See the newest solutions by attending a technical, hands-on or poster session. Attend the Academic Forum Expo to hear from poster speakers and network with partners. Visit a local laboratory to see how educators are integrating these solutions into their courses.
NI created the myRIO embedded platform to help students design real, complex engineering systems more quickly than ever before. Learn how to achieve this reality with myRIO and the new nPoints.com website. Also play the role of the student and solve a design challenge with a team in two hours.
Future engineers face the challenge of developing new and advanced industrial systems in less time and with limited resources. This requires in-depth practical experience with real-world sensors and systems within a new educational concept. During the course, students have to develop a fully functional coffee maker based on a prototype setup with commercial sensors, actuators, and the myRIO platform. At this session, hear how this real-world hands-on engineering project includes all major design and development steps ranging from the concept phase and early implementations to testing and documentation as well as evaluation of the data gathered during the tests.
Teaching 400 engineering students DAQ and experimental methods with a practical LabVIEW course is challenging. At this session, Dr. Andy Weightman shares his experience teaching mechanical and aerospace engineering students about measurements and control all in one semester using mobile robots and quadcopters.
The Maker Movement is starting to have a big impact on the world of education. Much earlier in their academic journeys, students are using new technologies that are more accessible, lower cost, and faster to learn with the goal of completing new innovative design ideas.
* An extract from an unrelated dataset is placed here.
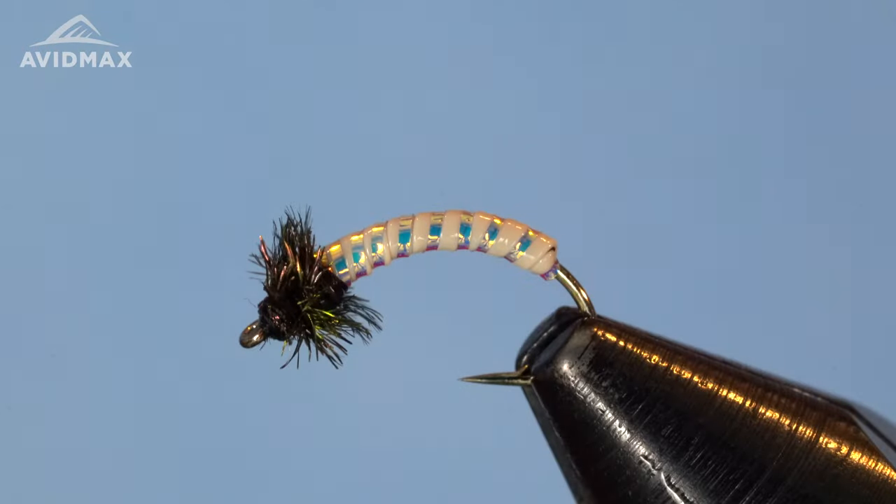So we'll go ahead and get one going. We've got our finished fly in the vise there and we'll get another one ready to go.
At this panel discussion, get insight into this emerging trend from three leading universities in that space: MIT, Georgia Tech, and Tufts.
A mission-critical operations trainer can be controlled with either a myRIO device or an embedded programmable logic controller (PLC) without any physical or wiring modifications to the system. All sensors and effectors are wired to both devices, which are under the command of a separate and transparent myRIO supervisory controller that modulates outputs when necessary to protect the plant equipment. This allows you to use a single trainer to teach RIO-based control with LabVIEW or C, and/or PLC ladder logic. An example was built out of a two-car, three-floor elevator containing eight actuators, 22 sensors, 14 switch inputs, and 14 indicators.
In modern fusion experiments, magnetic field measurements are made by integrating the loop voltage of inductive pickup loops. A major challenge for the next generation tokamak experiment, ITER, is that the high gain, active integrators typically used are inherently unstable over the hour-long timescale ITER is expected to operate. Eagle Harbor Technologies, Inc. (EHT) has developed a long-pulse integrator that exceeds the ITER integration error and pulse duration specifications. To maintain integrator stability, the EHT integrator is periodically re-zeroed. Real-time processing of the integrator output is required to use the magnetic signal in a control loop. EHT has selected a National Instruments FlexRio FPGA and Adapter Module to control the integrator, digitize the integrator output, and perform the real-time data processing. The LabVIEW FPGA code allows for parallel processing of the data with processing times less than 1 µs. The PXIe backplane allows for high-speed data streaming directly to the hard drive for storage or to another FPGA for tokamak control via peer-to-peer streaming.
Discover a new approach to designing PID controllers for linear control systems based on frequency-response measurements. This approach does not require mathematical system models, such as a transfer function or state-space model, and can handle the design process directly from a small set of frequency-domain data. Explore how you can apply this methodology to real-world applications and review an example of experimental PID controller design for a servomechanism system using NI and Quanser products that can be included in the future laboratory experiment manuals offered by NI and Quanser.